Saturday 5 December 2020

A Christmas Parody: When A Scare Is Born

 Time for a topical seasonal parody, regressing 44 years to 1976. This was not a vintage year for Christmas singles. Jethro Tull made a futile pitch for rural credibility with “Ring Out Solstice Bells”, and the least said about the irritating novelty song “Bionic Santa”, the better. This left Johnny Mathis with a clear run for No 1, never realising that one of his biggest fans would turn out to be Gerald the Gorilla from Not The Nine O’Clock News. As the Professor complained, “You’re not kidding, are you. ‘When A Child Is Born’ blaring out at all hours when I’m downstairs trying to do some work…” The song did, of course, seek to convey a message of hope.

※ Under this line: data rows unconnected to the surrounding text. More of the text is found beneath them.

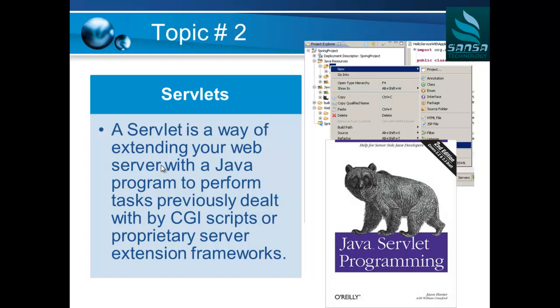In all web applications, when the client — like a browser sitting on your computer — makes a call to the server, the server needs to receive the request. In Java technology, a Servlet is the component that will receive the HTTP request and do something with it. Typically, it will make a call to a database or web service, create a response, and send it back to the client.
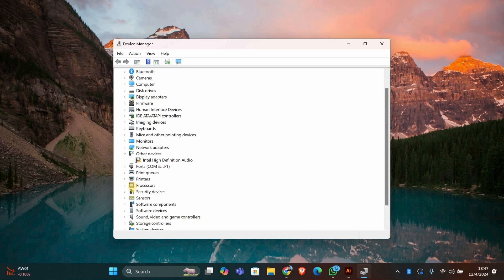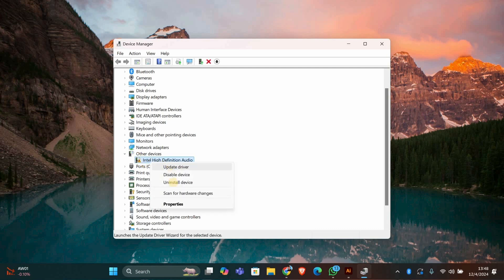In Device Manager, scroll down and look for a section called Portable Devices. You might see a yellow triangle next to MTP USB device, indicating there is an issue. If you see this, right-click on it and select Uninstall Device.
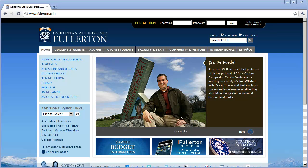Hello, and welcome to our tutorial on logging into the Cal State Fullerton Virtual Computing Lab environment. In this tutorial, we're going to go ahead and show you how to log into and use the campus Virtual Computer Lab.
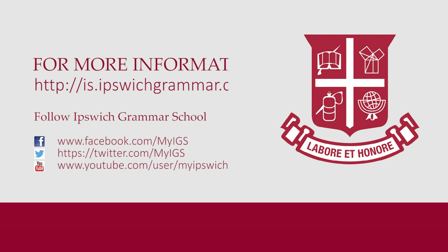For more information on saving in OneNote, please refer to is.ipswichgrammar.com.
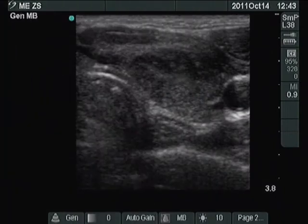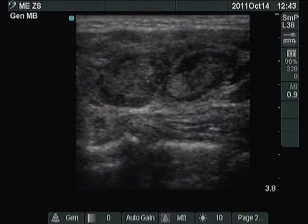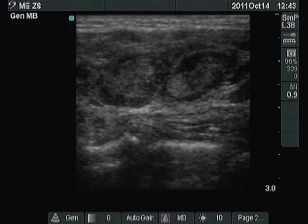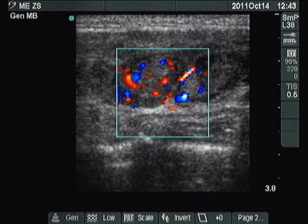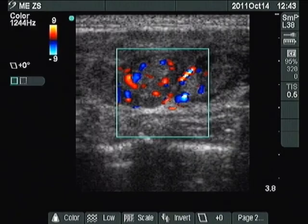There are mixed hypoechoic-hyperechoic circumscribed areas in the left lobe separated by fibrous tissue. The question is whether these lesions are nodules in a pathological sense or only secondary lobules frequently seen in lymphocytic thyroiditis.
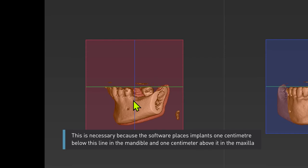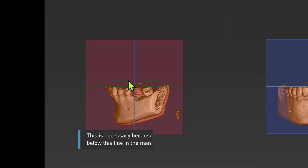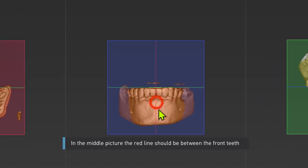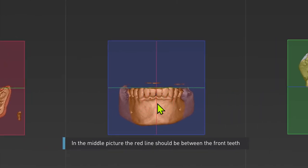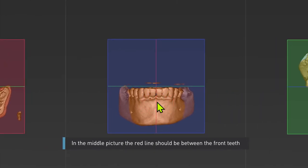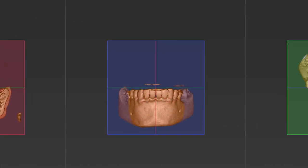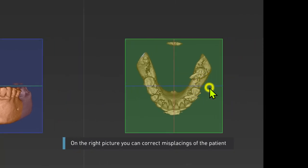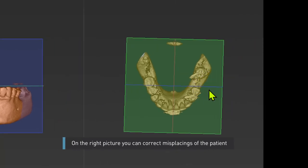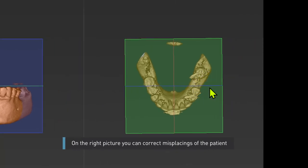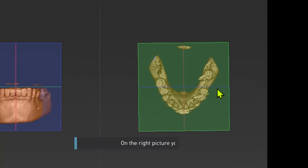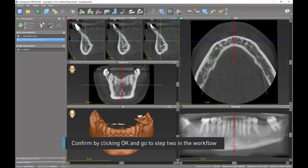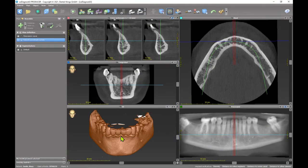In the middle picture the red line should be between the front teeth. On the right picture you can correct misplacings of the patient. Confirm by clicking OK and go to step 2 in the workflow.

Here in 2020, as Christmas struggles to make its way past weeks and months of overreaction and exaggeration, a message of despair is a more symbolic choice: -


A length of rope dangles from the sky

A mighty scar blights from way up high

All across the land, freedoms are withdrawn

This comes to pass when a scare is born


A silent threat sails the seven seas

Foul winds of change, fuelled by the Chinese

Made our ruling class crumble, tossed and torn

This comes to pass when a scare is born


A gloomy view settles all around

They can’t reveal they’re on shaky ground

In a spell or two, all are made forlorn

This comes to pass when a scare is born


To save their face, they imposed lockdown

With their fake tiers, built the new ghost town

They’re all comfortable, we’re all overdrawn

This comes to pass when a scare is born


And all of this happens because the world is cowering

Cowering from one virus

Bats, labs, whatever, no one knows

But a virus that was hyped up to turn livelihood to ruin, 

Hope to fear, pleasure to pain and quality of life to mere existence

And misery and suffering will be words to be inflicted, forever


It’s a bad dream, deep confusion now

Can we come through, sometime soon somehow

All across the land, dawns a time to mourn

This comes to pass when a scare is born


(The original, of course, only had three verses before the spoken bridge. I could not resist hammering the underlying message home by adding the fourth.)